O aproveitamento fiscal de ágio e o ofício CVM 1/2007

por Jorge N. F. Lopes Jr.
Mestre (LL.M.) em “International Taxation” pela New York University
Especialista em Direito Tributário pela PUC/SP
Bacharel em Direito pela Faculdade de Direito da Universidade de São Paulo
Advogado Associado da Área Tributária de Pinheiro Neto Advogados.
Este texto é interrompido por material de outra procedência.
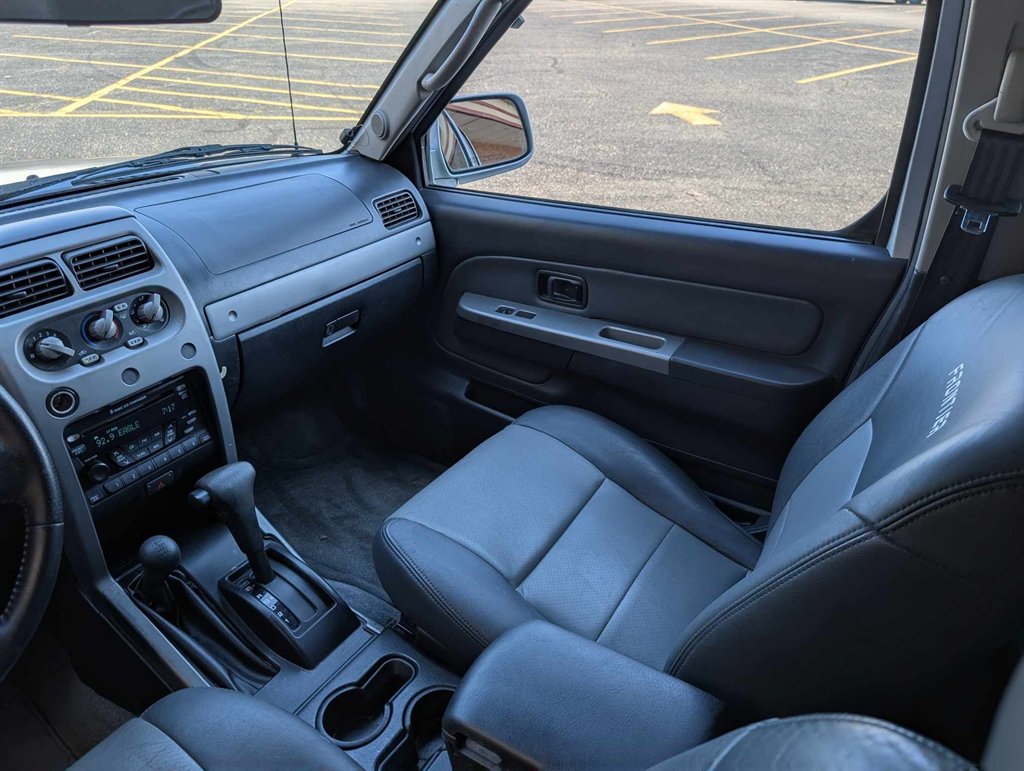 2003 Nissan Frontier SC-V6 photo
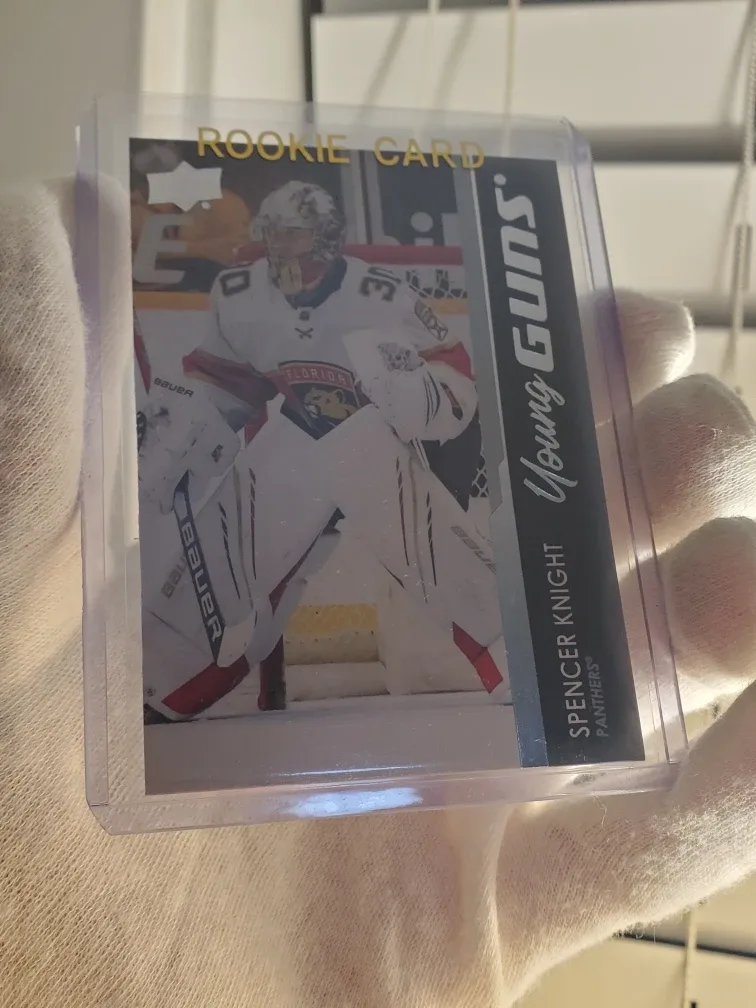 Spencer Knight Young Guns Rookie card image indicator(3)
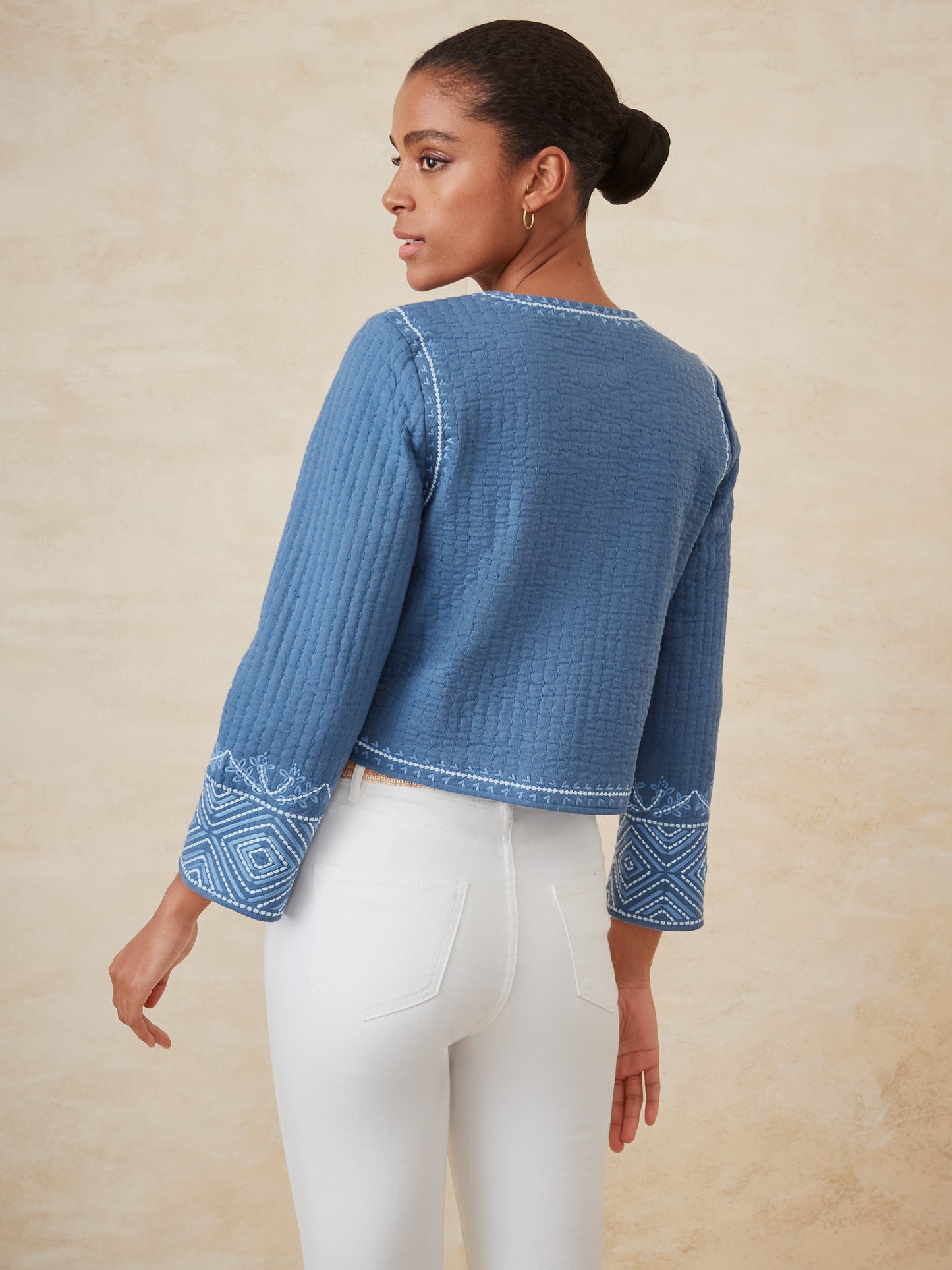 J.McLaughlin Idella jacket in denim made with cotton.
por Pedro Augusto A. Abujamra Asseis
Bacharel em Direito pela Faculdade de Direito da Universidade de São Paulo
Advogado Associado da Área Tributária de Pinheiro Neto Advogados.

 

Um tema que gera relevantes conflitos entre Fisco e contribuintes é o da amortização fiscal de valores de ágio resultantes de reorganizações societárias envolvendo empresas societariamente relacionadas. À luz da disciplina dada pelos artigos 7º e 8º da Lei nº 9.532, de 10.12.1997 (“Lei 9.532/97”), conforme consolidados nos artigos 385 e 386 do Regulamento do Imposto de Renda (“RIR/99”), tais operações muitas vezes preenchem os requisitos legais para permitir a apuração e a posterior amortização fiscal do ágio fundamentado na expectativa de rentabilidade futura de sociedades. Por outro lado, as Autoridades Fiscais têm questionado os efeitos tributários decorrentes de tais situações, sob a generalizada premissa de que o relacionamento societário prévio entre as empresas necessariamente viciaria sua capacidade de negociar em condições justas de mercado, ficando, com isso, impedidas de se beneficiar da amortização fiscal de ágio, independentemente dos termos estabelecidos na legislação tributária. 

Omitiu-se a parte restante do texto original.